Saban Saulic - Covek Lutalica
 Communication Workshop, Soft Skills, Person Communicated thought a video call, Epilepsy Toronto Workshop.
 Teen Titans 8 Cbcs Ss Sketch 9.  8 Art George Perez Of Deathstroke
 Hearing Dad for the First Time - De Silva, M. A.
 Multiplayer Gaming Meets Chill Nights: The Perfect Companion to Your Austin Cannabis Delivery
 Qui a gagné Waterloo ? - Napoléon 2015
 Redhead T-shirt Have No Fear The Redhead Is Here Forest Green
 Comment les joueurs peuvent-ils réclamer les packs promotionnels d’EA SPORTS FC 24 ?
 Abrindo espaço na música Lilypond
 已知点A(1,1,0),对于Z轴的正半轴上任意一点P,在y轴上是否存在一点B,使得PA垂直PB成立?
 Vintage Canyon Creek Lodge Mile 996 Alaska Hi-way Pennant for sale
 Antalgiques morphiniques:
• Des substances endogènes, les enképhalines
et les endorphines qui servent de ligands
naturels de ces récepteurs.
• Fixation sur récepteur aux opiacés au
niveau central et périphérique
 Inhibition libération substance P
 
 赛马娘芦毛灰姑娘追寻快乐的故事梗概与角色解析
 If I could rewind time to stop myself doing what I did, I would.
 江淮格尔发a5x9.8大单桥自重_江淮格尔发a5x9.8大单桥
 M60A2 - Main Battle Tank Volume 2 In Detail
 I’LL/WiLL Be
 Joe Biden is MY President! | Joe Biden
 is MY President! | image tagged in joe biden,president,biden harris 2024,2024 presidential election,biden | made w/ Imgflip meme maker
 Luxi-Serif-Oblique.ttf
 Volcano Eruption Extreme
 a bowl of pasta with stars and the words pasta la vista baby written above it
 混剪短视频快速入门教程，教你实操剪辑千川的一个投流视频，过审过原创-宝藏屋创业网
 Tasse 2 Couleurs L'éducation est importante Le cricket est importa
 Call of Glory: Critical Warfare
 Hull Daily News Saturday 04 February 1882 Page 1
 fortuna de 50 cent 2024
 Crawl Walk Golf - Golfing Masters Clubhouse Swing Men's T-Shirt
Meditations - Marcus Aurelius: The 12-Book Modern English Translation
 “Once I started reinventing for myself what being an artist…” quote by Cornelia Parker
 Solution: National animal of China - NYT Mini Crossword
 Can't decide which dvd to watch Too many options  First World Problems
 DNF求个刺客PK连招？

** DESCRIPTION OF THE TASK **
Would you retype all of the lines shown above, exactly as given?

** TASK RESPONSE **
Saban Saulic - Covek Lutalica
 Communication Workshop, Soft Skills, Person Communicated thought a video call, Epilepsy Toronto Workshop.
 Teen Titans 8 Cbcs Ss Sketch 9.  8 Art George Perez Of Deathstroke
 Hearing Dad for the First Time - De Silva, M. A.
 Multiplayer Gaming Meets Chill Nights: The Perfect Companion to Your Austin Cannabis Delivery
 Qui a gagné Waterloo ? - Napoléon 2015
 Redhead T-shirt Have No Fear The Redhead Is Here Forest Green
 Comment les joueurs peuvent-ils réclamer les packs promotionnels d’EA SPORTS FC 24 ?
 Abrindo espaço na música Lilypond
 已知点A(1,1,0),对于Z轴的正半轴上任意一点P,在y轴上是否存在一点B,使得PA垂直PB成立?
 Vintage Canyon Creek Lodge Mile 996 Alaska Hi-way Pennant for sale
 Antalgiques morphiniques:
• Des substances endogènes, les enképhalines
et les endorphines qui servent de ligands
naturels de ces récepteurs.
• Fixation sur récepteur aux opiacés au
niveau central et périphérique
 Inhibition libération substance P
 
 赛马娘芦毛灰姑娘追寻快乐的故事梗概与角色解析
 If I could rewind time to stop myself doing what I did, I would.
 江淮格尔发a5x9.8大单桥自重_江淮格尔发a5x9.8大单桥
 M60A2 - Main Battle Tank Volume 2 In Detail
 I’LL/WiLL Be
 Joe Biden is MY President! | Joe Biden
 is MY President! | image tagged in joe biden,president,biden harris 2024,2024 presidential election,biden | made w/ Imgflip meme maker
 Luxi-Serif-Oblique.ttf
 Volcano Eruption Extreme
 a bowl of pasta with stars and the words pasta la vista baby written above it
 混剪短视频快速入门教程，教你实操剪辑千川的一个投流视频，过审过原创-宝藏屋创业网
 Tasse 2 Couleurs L'éducation est importante Le cricket est importa
 Call of Glory: Critical Warfare
 Hull Daily News Saturday 04 February 1882 Page 1
 fortuna de 50 cent 2024
 Crawl Walk Golf - Golfing Masters Clubhouse Swing Men's T-Shirt
Meditations - Marcus Aurelius: The 12-Book Modern English Translation
 “Once I started reinventing for myself what being an artist…” quote by Cornelia Parker
 Solution: National animal of China - NYT Mini Crossword
 Can't decide which dvd to watch Too many options  First World Problems
 DNF求个刺客PK连招？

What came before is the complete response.